O impacto simbólico pretendido
pelo presidente do STF (ordens de prisão expedidas em pleno feriado da
Proclamação da República) atingiu em cheio a opinião pública, tal qual ondas de
impacto da explosão de uma bomba: discussões acirradas e polarizadas dominaram todas
as redes sociais durante o dia.
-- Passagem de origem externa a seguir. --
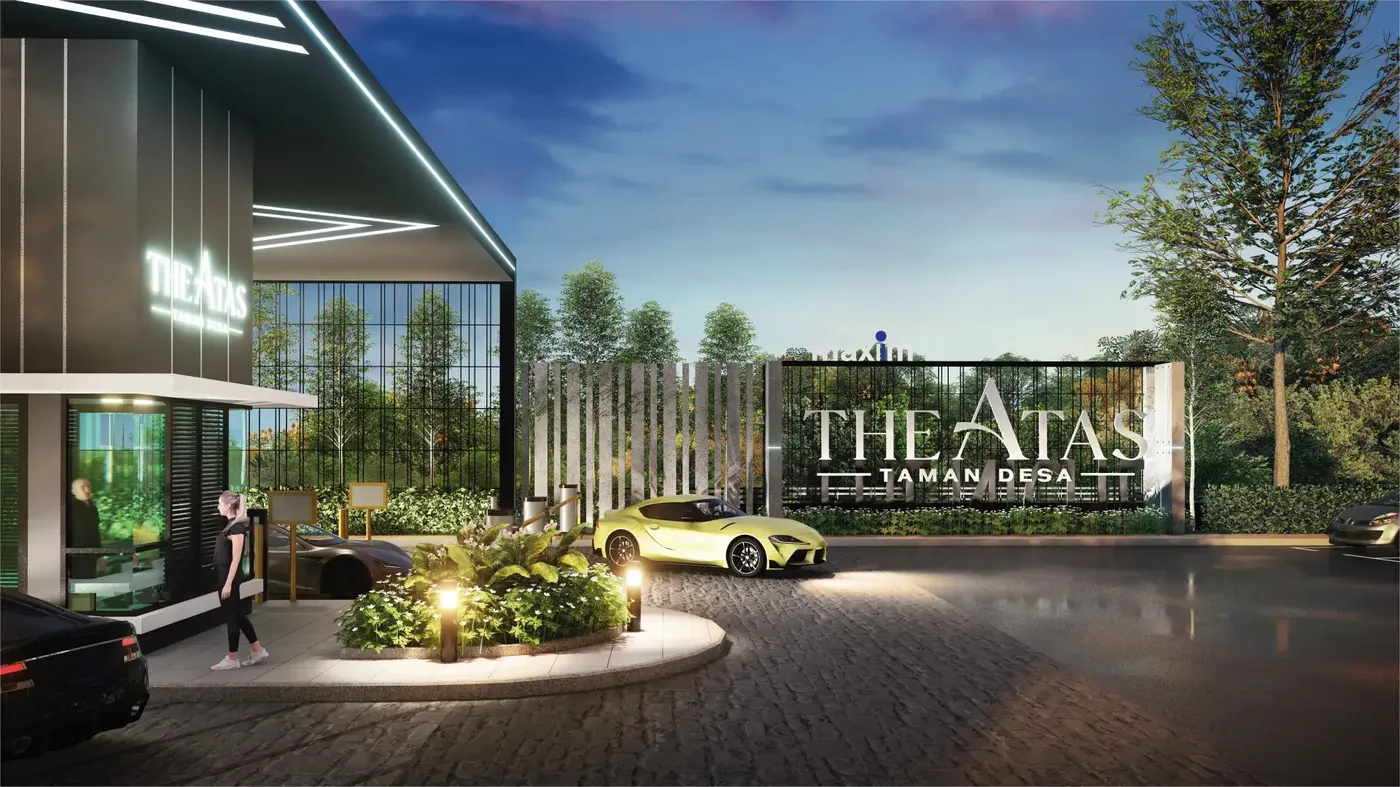 Arrival gate and drop-off at The Atas with the project signage lit at dusk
Toda a ritualística explicada didaticamente
pela TV (detalhes das poltronas ocupadas por cada um no avião, as algemas, o
trajeto pacientemente traçado com locais e horários de partida e chegada,
detalhes da cela da prisão dando destaque à latrina e o banho de água fria
etc.) desde a apresentação dos condenados à suas prisões.
O que significou o show do mensalão para aqueles que estavam presos nas estradas congestionadas do feriadão? |
Para compreender o significado
desse show midiático devemos sair do seu aspecto manifesto (o escândalo moral e
a sua utilidade político-partidária) e aprofundar o latente: o seu impacto na
indiferença do público e no imaginário do sistema político como um todo.
A espiral de interpretações
Há 63 anos o pesquisador
norte-americano Paul Lazarsfeld observava em pesquisas empíricas de recepção
que nove em cada dez receptores eram indiferentes aos conteúdos das mídias.
Apenas um, o líder de opinião, filtrava esses conteúdos de acordo com sua
predisposição política-ideológica e memória seletiva. E parece que as coisas
não mudaram muito desde então. O show midiático das prisões ao vivo parece não
ter conseguido qualquer rendimento pedagógico como lição moral, persuasão ou
convencimento. Ou, pelo menos, de tragédia para os derrotados ou de glória para
os vitoriosos.
Pelo contrário, seu efeito
apenas criou uma espiral interpretativa ascendente, onde ambos os lados
reforçaram suas posições e buscaram no evento argumentos positivos para o seu
lado respectivo – a presidenta Dilma achando que era até melhor antecipar as
condenações para se livrar do embaraço para as próximas eleições; a Direita que
viu mais munição para desmoralizar a “comunalha” e os “petralhas”; a Esquerda
achando que os erros jurídicos do STF se voltarão contra a Direita; e
intelectuais como o filósofo Renato Janine Ribeiro que suspeitam de uma vitória
de Pirro no show pelo alto custo político da engenharia jurídica.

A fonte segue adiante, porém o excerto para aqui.